Editor’s Note: The following article is by Dan Covell, friend to the site. He is the author of Managing Intercollegiate Athletics which you can buy here, and The New England Small Athletic Conference which you can buy here.
“In 1959, staff writer Alfred Wright, an elegant Yalie and globetrotting husband of Joan Fontaine, was covering college football for Sports Illustrated. Wright showed up in the second quarter of a Notre Dame game in South Bend, and seemed bored. ‘I think Potter Stewart is going to become the next Republican presidential candidate,’ Wright said to Robert Boyle, who was covering the game for Time magazine. ‘Why is that, Al?’ asked Boyle, watching the game intently through his binoculars. ‘Bones hasn’t had a president since William Howard Taft. It’s bloody well time.’ … Before leaving (at the half), Wright nudged Boyle and said, ‘Bob, as far as I’m concerned, college football ends at New Haven, and it doesn’t pick up again until Palo Alto.’ That pretty well crystallized the magazine’s view of college football in the ‘50s.”
The above quote is from Michael MacCambridge’s outstanding 1997 book, The Franchise: A history of Sports Illustrated. While only the most Eli-centric Bonespersons of today would argue that college football still ends at New Haven, those of Alvin Wright’s vintage could be excused for such a perspective. This is not to slight the Ivies, or any other football teams that aren’t in the league of the SEC. In fact, those who know the history of the game know about Yale’s significance in creating and nurturing the game, and was the sport’s dominant program from its establishment in 1872 through the first third part of the 20th century. Yale and the Ivies mattered on the national stage, and 70,000 or so fans crowded the Yale Bowl on fall football Saturdays.

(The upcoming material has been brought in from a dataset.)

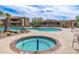 Beautiful community pool featuring a hot tub, pool, and lounge chairs for resident enjoyment at 13300 E Via Linda -- # 1054, Scottsdale, AZ 85259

After World War II, the landscape of big-time college football changed, and the power programs now resided in the Midwest and beyond to the west and south. The Ivies were no longer vying for national titles (mythical as they might be, for no formal playoff system existed), but fans still flocked to the Bowl, Baker Field, Harvard Stadium, Franklin Field and Palmer Stadium. When the Ivy League formally coalesced in 1954, the eight schools that comprised the group now had a formalized athletic union and identity. Maybe the league took the name from the look, maybe it was the other way around. Alan Gould, sports editor of the Associated Press, appears to have been the first to use the exact term “Ivy League,” in an article dated February 8, 1935, and by the time Macy’s in New York began running newspaper advertisements in 1938 hawking its fancy men’s overcoats as “Champions of the Ivy League,” the phrase, “with all its connotations, had entered the lexicon,” wrote Mark Bernstein in his history of Ivy football.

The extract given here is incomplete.